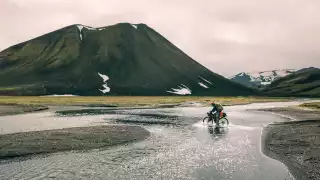 A bikepacker embraces soggy socks as he crosses a shallow river cycling the Kjolur Route in Iceland during the summer months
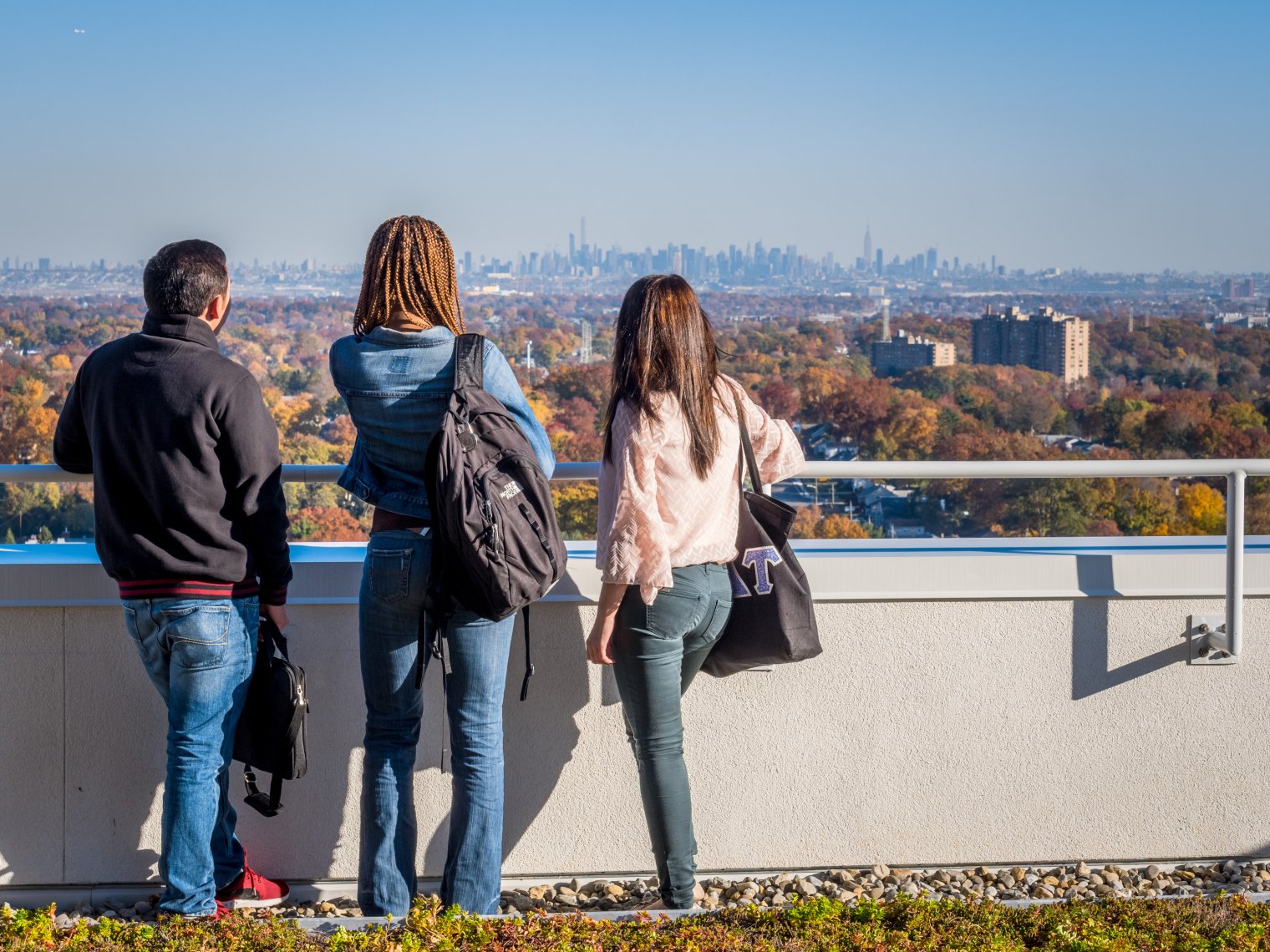Three people stand with backs to camera looking at New York City skyline from Montclair's campus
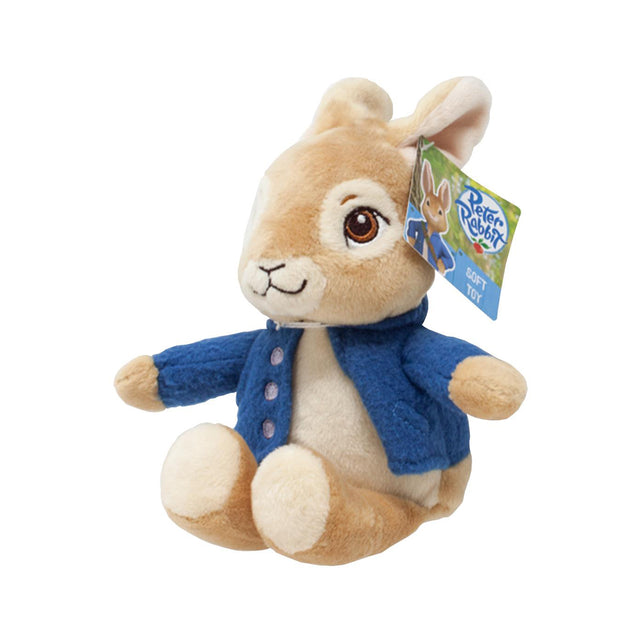 Soft toy Peter Rabbit in a blue coat with a tag on a white background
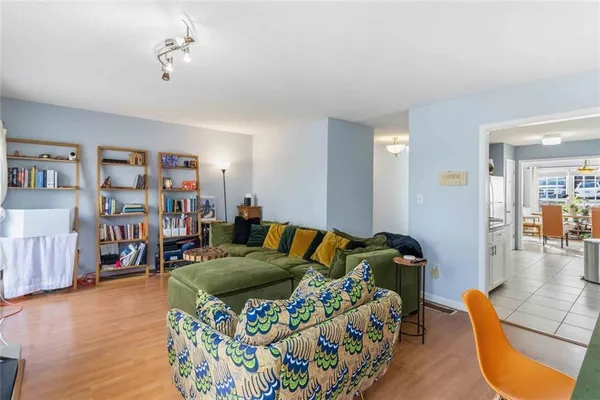 a bedroom with furniture and a wooden floor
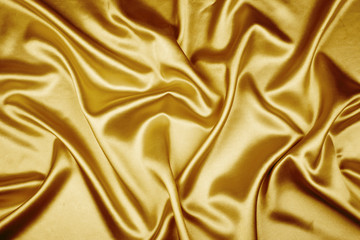 Gold luxury satin fabric texture for background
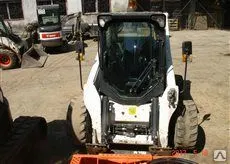 фото Мини-погрузчик BOBCAT A 770 с ковшом и вилами Б/У.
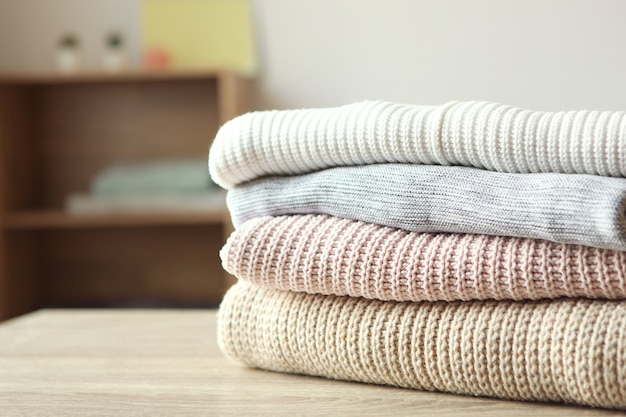 A stack of warm sweaters on the table on a colored background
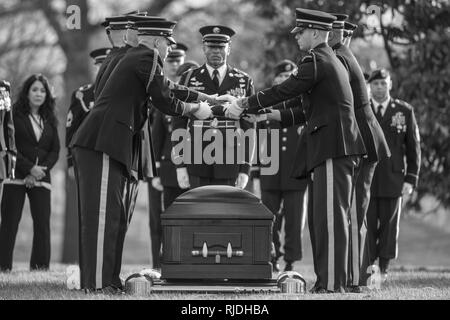 The U.S. Army Honor Guard, The 3d U.S. Infantry Regiment (The Old Guard) Caisson Platoon, and The U.S. Army Band, “Pershing’s Own”, conduct the funeral of U.S. Army Sgt. 1st Class Mihail Golin in Section 60 of Arlington National Cemetery, Arlington, Virginia, Jan. 22, 2018. Golin, an 18B Special Forces Weapons Sergeant assigned to 10th Special Forces Group (Airborne) died Jan. 1, 2018, as a result of wounds sustained while engaged in combat operations in Nangarhar Province, Afghanistan.  Golin deployed to Afghanistan in September 2017 with the 2nd Battalion, 10th Special Forces Group, in suppo Stock Photo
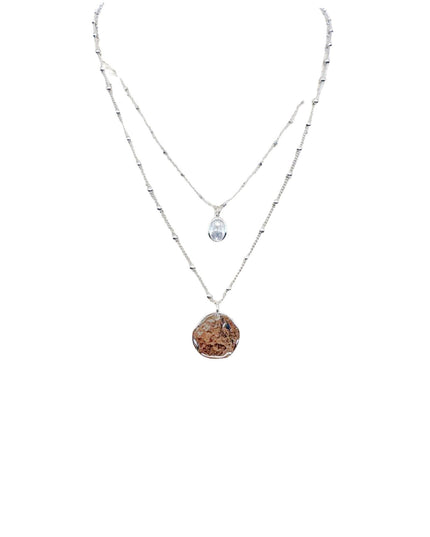 A double-strand silver necklace featuring a long chain with small metallic beads and a shorter chain with a clear teardrop crystal pendant, paired with a longer pendant made of a textured brown and gold stone, shown on a plain white background.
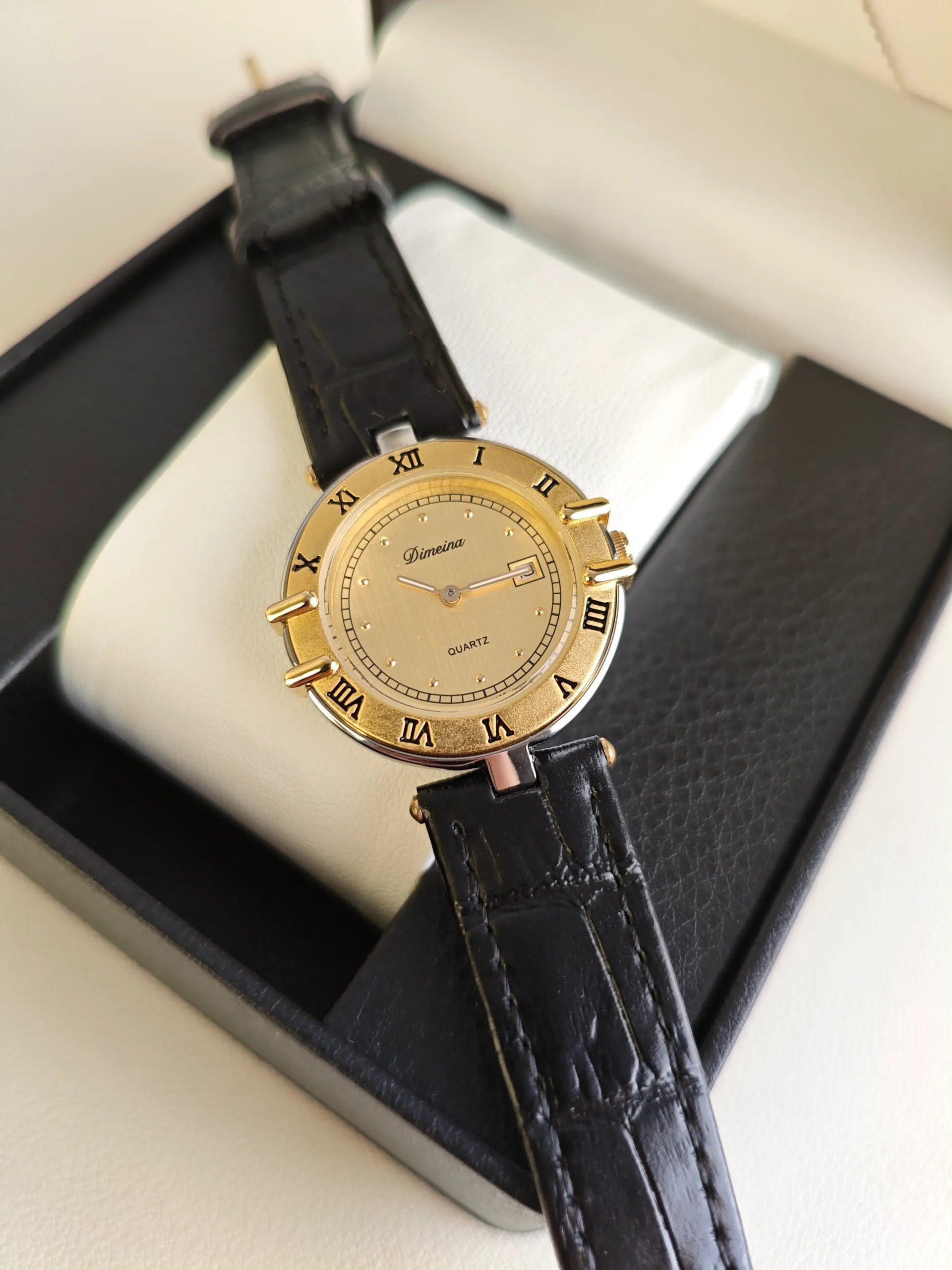 Vintage gold women’s leather strap watch with Roman numerals side view – WatchTrio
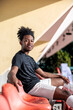 © Jovo Jovanovic/Stocksy - Happy athlete sits in sunny stadium seat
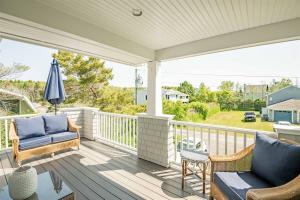 a porch with two chairs and an umbrella at Starboard in Kennebunk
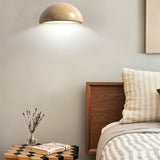 "A modern, semi-circular wall lamp made of yellow travertine, mounted on a wall beside a bed, casting a soft, ambient light on the side of the room."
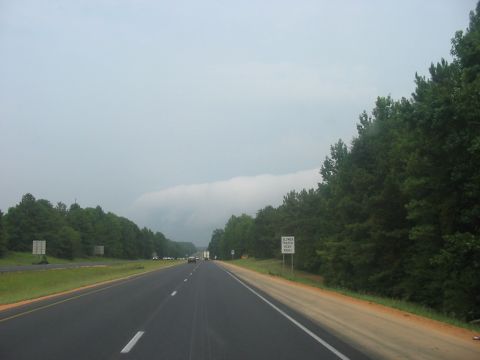1988 Ford Bronco - A highway scene with trees and a cloudy sky, showing multiple vehicles in the distance.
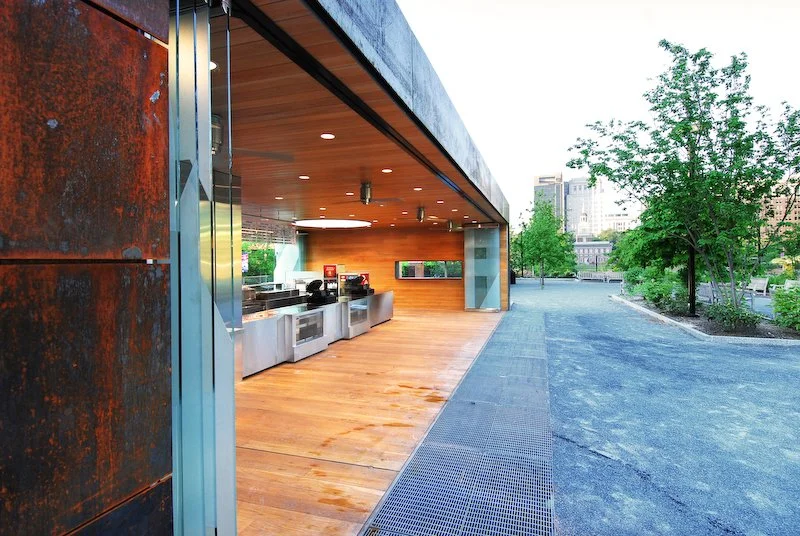 Outdoor area with stainless steel kitchen appliances and oven, adjacent to a modern building with a wood-paneled roof, overlooking trees and cityscape. brahlerdesign.
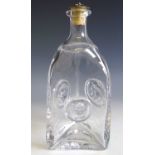 A 1950s Erik Hoglund for Kosta Boda (Sweden) clear glass decanter of triangular form with mask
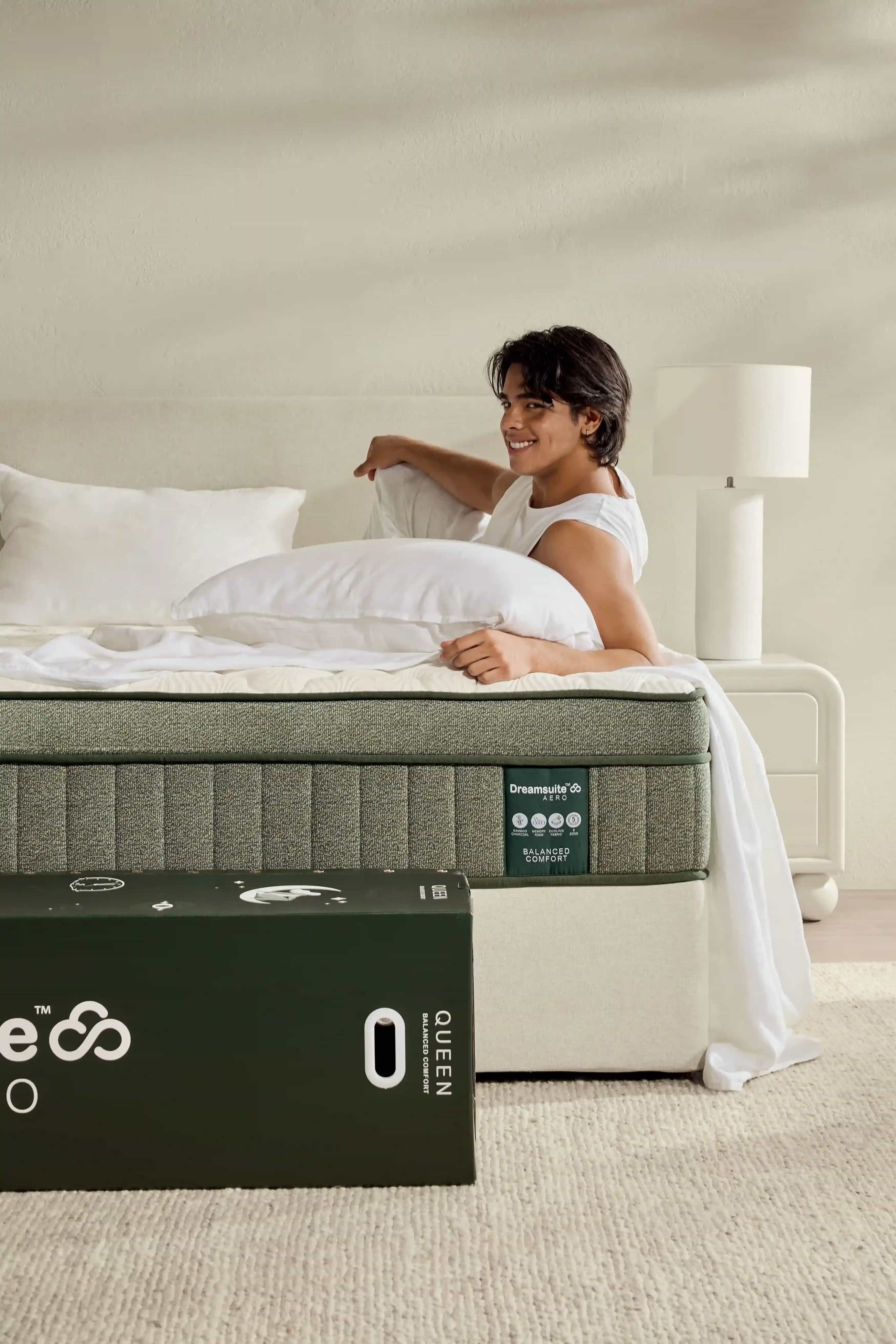 Man stretched out on a Sleeping Giant mattress
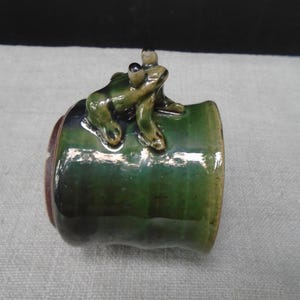 May include: A cylindrical ceramic mug featuring a glossy dark green glaze with a sculpted three-dimensional frog figure attached to the exterior. The frog is painted in shades of olive and brown, with prominent eyes and textured skin details.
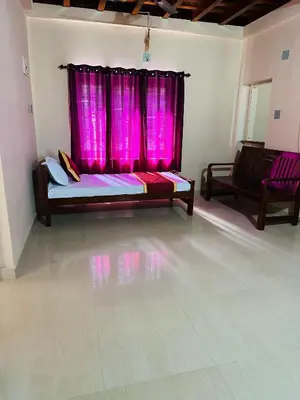 a room with a bed and a pink window at Festoon Villa in Sultan Bathery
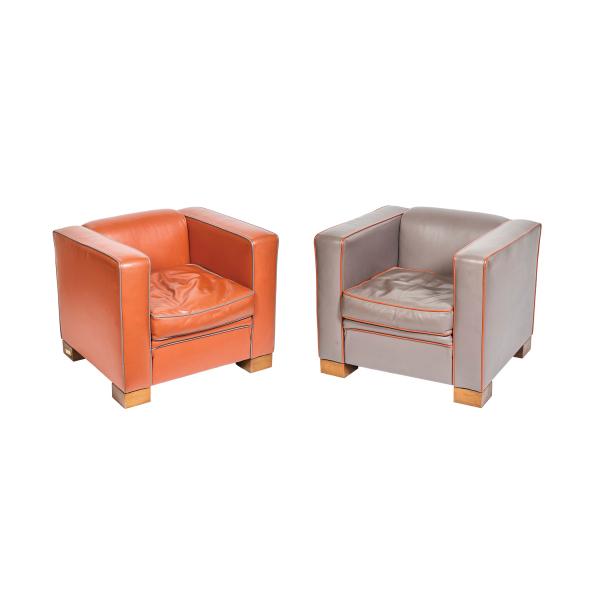 Manufactura David Linley (Londres, Inglaterra, 1985) Pareja de butacas modelo «Chase Chair» en cuero naranja y gris marengo bicolor con patas en madera de nogal con logotipo pirograbado.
##############################
## Task
An acceptable answer consists of the lines above from the one holding "Man stretched out" to the end of the data, repeated exactly and containing no pictures.

## Response to this exercise
 Man stretched out on a Sleeping Giant mattress
 May include: A cylindrical ceramic mug featuring a glossy dark green glaze with a sculpted three-dimensional frog figure attached to the exterior. The frog is painted in shades of olive and brown, with prominent eyes and textured skin details.
 a room with a bed and a pink window at Festoon Villa in Sultan Bathery
 Manufactura David Linley (Londres, Inglaterra, 1985) Pareja de butacas modelo «Chase Chair» en cuero naranja y gris marengo bicolor con patas en madera de nogal con logotipo pirograbado.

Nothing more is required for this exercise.